The prison cells are now empty and clean, but the graffiti on the walls of the room where adolescent boys were held have been preserved behind clear perspex. I found this hand-drawn superhero just as moving as the graphically recreated scenes of imprisonment and torture.
I wonder what became of the child that drew this image?
On 16 March 1988, chemical bombs were dropped on the City of Halabja. The deadly mix of chemicals, most likely some combination of cyanide and mustard gas, killed between 3,200 and 5,000 people and injured 7,000 to 10,000 more, most of them civilians.
The dead were hastily buried in mass graves within the local cemetery. We visited two of them. They are now covered with concrete and tile with a simple memorial plaque. The largest holds 1,500 bodies.
We then visited the nearby Halabja Museum. The most famous image within the Museum is that of a Kurdish man and child lying dead. His body shields the child, who stares blankly into the sky; mouth agape and silent. This hearbreaking image is immortalised in a bronze sculpture, which sits at the entry to the Museum.
The Museum has archival photos and videos of the victims and news footage and clippings documenting the event. There is also a small section dedicated to those responsible. Taking pride of place is the death certificate of Saddam Hussein.
The Kurds are the dominant ethnic group in northern Iraq or Iraqi Kurdistan, and make up 15-20% of the total Iraqi population. They are a significant minority group in the neighbouring countries of Turkey (15-20%), Iran (10%) and Syria (7-10%). They are also the largest ethnic minority group in Armenia.

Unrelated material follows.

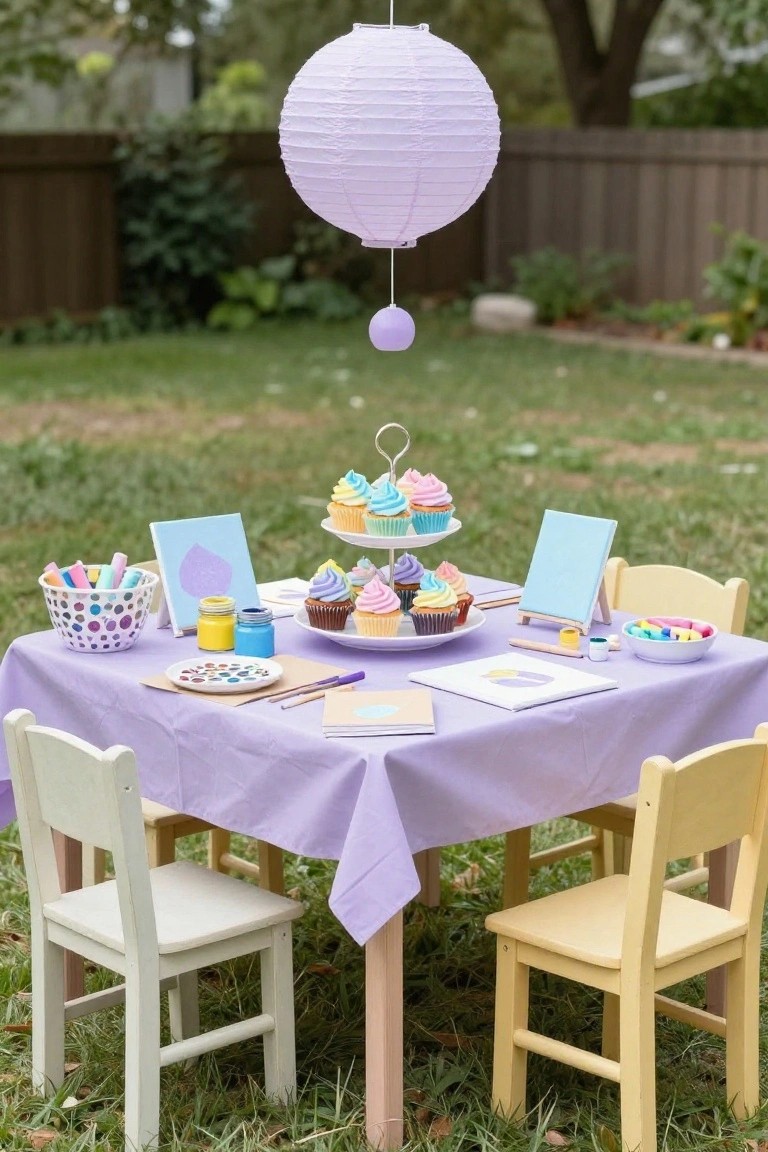 Outdoor kids table covered in purple cloth with painting easels, paint jars, crayons, sketchbooks, and a three-tiered stand of pastel cupcakes, surrounded by small chairs under a hanging purple paper lantern.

The Kurds are the fourth largest ethnic group in the Middle East, numbering between 25-35 million people, and yet they are State-less.
A referendum held last September in Iraqi Kurdistan revealed that over 90% of voters wanted an independent Kurdish state.
Analysts believe that the establishment of a Kurdish republic would lead to greater instability within the Middle East. They fear that it would trigger a domino effect where Kurds in Turkey, Syria and Iran would also demand autonomy.
The Governments within the region are united when it comes to the issue of a Kurdish State. They will not support it.
The Iraqi Government called the referendum 'illegal' and called on the Kurds to 'cancel' the result. The Federal Government then forcibly seized the City of Kirkuk, and its lucrative oil reserves, and closed the airports in Erbil and Sulaymaniya. Fortunately they re-opened Erbil Airport just in time for our trip.
The Museums that we visited documented the atrocities committed against the Kurds by Saddam Hussein and his Ba'ath regime. Unfortunately, these events just scratched the surface of the treatment endured by the Kurds over the years.
They are no strangers to suffering, not just in Iraq but in Turkey, Syria and Iran. Understandably, these grievances have helped fuel the nationalist cause.
Iraqi Kurdistan has, over time, created a de facto State, they have their own parliament, military (the “Peshmerga”), borders and foreign policy. Up until recently, they even had their own oil-based revenue. So while it falls short of an independent state, I wondered if this is the best that they can achieve right now.